Bantmag

MÜZİK SADECE GÜZEL KAPAKLI PLAKLARDAN İBARET DEĞİLDİR…

Herkes belli bir yıl içinde çıkan sevdiği albümleri sıraya koyabilir. Ama önceki senenin keşfedilmemiş albümleri ya da sonradan keşfedilenler ne olacak? Kötü müzik anları ne olacak? Nevresimler ne olacak? İyisiyle, kötüsüyle 2012’de yaşadığım, müzik adına en önemli anlar şöyle:

 

8. Gregory Porter, Babylon Konseri:  Yedi yıl kadar önce eski arkadaşım Steve Clements, The Research konserine gitmemi söyledi. Gittim, harikalardı. Birkaç ay önce aynı adam Gregory Porter’ı canlı izlemem gerektiğini söyledi. İzledim, harikaydı. Eski Amerikan futbolu oyuncusu, şimdilerdeyse caz besteciliği ile şarkıcılık yapan Porter bana tüm senenin en büyüleyici ve enerjik performansını yaşattı. Size bir tavsiye vereyim: Steve Clements’le arkadaş olun ve size bir konsere gitmenizi tembihlerse kesinlikle gidin.

 

7. Battaniye Kutusu: Bu yaz evimi taşıdım.

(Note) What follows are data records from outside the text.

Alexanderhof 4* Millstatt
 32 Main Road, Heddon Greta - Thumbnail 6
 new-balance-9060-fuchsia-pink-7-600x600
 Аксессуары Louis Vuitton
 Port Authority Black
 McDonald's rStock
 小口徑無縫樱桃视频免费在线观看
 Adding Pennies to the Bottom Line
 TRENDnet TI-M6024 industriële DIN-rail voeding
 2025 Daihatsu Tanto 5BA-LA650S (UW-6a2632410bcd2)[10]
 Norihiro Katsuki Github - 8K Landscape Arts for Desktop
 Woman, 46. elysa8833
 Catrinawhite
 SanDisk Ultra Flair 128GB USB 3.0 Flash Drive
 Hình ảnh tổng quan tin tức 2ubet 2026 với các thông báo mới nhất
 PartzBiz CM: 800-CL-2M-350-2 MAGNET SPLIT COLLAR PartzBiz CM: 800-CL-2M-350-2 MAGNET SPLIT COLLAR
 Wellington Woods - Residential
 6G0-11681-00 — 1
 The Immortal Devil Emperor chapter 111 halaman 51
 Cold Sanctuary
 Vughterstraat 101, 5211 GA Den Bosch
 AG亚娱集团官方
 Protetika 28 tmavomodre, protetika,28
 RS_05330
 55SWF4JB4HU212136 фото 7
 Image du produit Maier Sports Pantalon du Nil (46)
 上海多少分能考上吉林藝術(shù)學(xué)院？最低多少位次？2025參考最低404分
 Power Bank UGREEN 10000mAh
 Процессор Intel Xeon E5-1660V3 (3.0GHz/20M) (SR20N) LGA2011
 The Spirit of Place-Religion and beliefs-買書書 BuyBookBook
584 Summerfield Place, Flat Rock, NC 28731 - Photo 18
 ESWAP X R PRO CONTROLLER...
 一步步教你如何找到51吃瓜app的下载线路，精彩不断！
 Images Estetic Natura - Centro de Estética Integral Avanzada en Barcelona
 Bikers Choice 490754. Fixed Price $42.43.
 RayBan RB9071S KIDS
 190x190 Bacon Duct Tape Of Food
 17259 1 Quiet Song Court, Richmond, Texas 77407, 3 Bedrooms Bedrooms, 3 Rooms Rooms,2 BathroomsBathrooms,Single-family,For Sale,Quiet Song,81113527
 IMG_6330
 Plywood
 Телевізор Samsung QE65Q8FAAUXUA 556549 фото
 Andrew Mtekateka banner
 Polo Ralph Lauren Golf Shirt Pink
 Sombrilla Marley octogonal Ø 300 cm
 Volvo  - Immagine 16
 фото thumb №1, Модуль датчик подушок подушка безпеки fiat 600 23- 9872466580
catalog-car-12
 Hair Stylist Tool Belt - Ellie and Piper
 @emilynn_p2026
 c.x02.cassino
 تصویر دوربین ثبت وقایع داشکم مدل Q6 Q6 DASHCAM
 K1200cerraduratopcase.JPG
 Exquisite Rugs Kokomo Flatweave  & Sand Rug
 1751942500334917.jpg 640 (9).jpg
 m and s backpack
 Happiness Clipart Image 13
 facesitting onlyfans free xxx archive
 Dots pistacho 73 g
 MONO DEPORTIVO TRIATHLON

Her zaman olduğu gibi yine birçok eşyamı eski evimde bıraktığımdan, kışın yaklaşmasıyla birlikte bazı gerekli şeyleri yeniden almam gerekti. Beşiktaş’ta uzun bir yürüyüşe çıktım ve küçük bir nevresimciye girdim. Genç bir adam bana çeşitli battaniyeler gösterdi. Ama ne Beşiktaş ne de Newcastle United hayranı olduğumdan bana hitap eden çok fazla seçenek yoktu; ta ki bir şey gözüme çarpana kadar. Battaniyelerden birinin kutusunda şirin küçük bir yatak vardı, ama yatağın yanındaki de neydi? Daha yakından baktım. Çerçeve miydi? Biraz daha inceledim, ve haklı çıktım. Türk malı bir battaniyenin paketindeki yatağın yanında Serge Gainsbourg ile Jane Birkin’in bir fotoğrafı vardı. Battaniyeyi derhâl satın aldım. Ama Sergio nasıl kendini orada bulmuştu? Serge kendi kendine belirmez tabiî. Oraya nasıl gelmişti? Tam da o aralar Cannabis’in müziklerini dinliyor olmam tesadüften mi ibaretti? Yoksa Sergio’nun hayaleti bana en rahat ve sıcak tutan battaniyeyi bulmamda rehberlik mi etmişti? Kim bilir...

 

6. Simon Johns’un evinde The17:  Geçen sayıdaki yazımda incelediğim The17, prodüktör, müzisyen ve konsept sanatçısı Bill Drummond’ın bir projesi. Nasıl olduğunu burada açıklamak biraz zor, ama özet olarak ben ve çok sevdiğim bir arkadaşım tek bir notayı beş dakikalığına söylediğimiz bir kayıt yaptık. Bu kayıt daha sonra dört tane benzer kayıtla harmanlandı, birlikte çalındı ve sonra sonsuza kadar ortadan kaldırıldı. Ayrıca hepimizin dini farklıydı. Ayrıca aynı şey Londra’da da oldu. Evet, garip bir şeydi ama bir yandan da harikaydı ve bunun bir parçası olabildiğim için kendimi çok şanslı sayıyorum.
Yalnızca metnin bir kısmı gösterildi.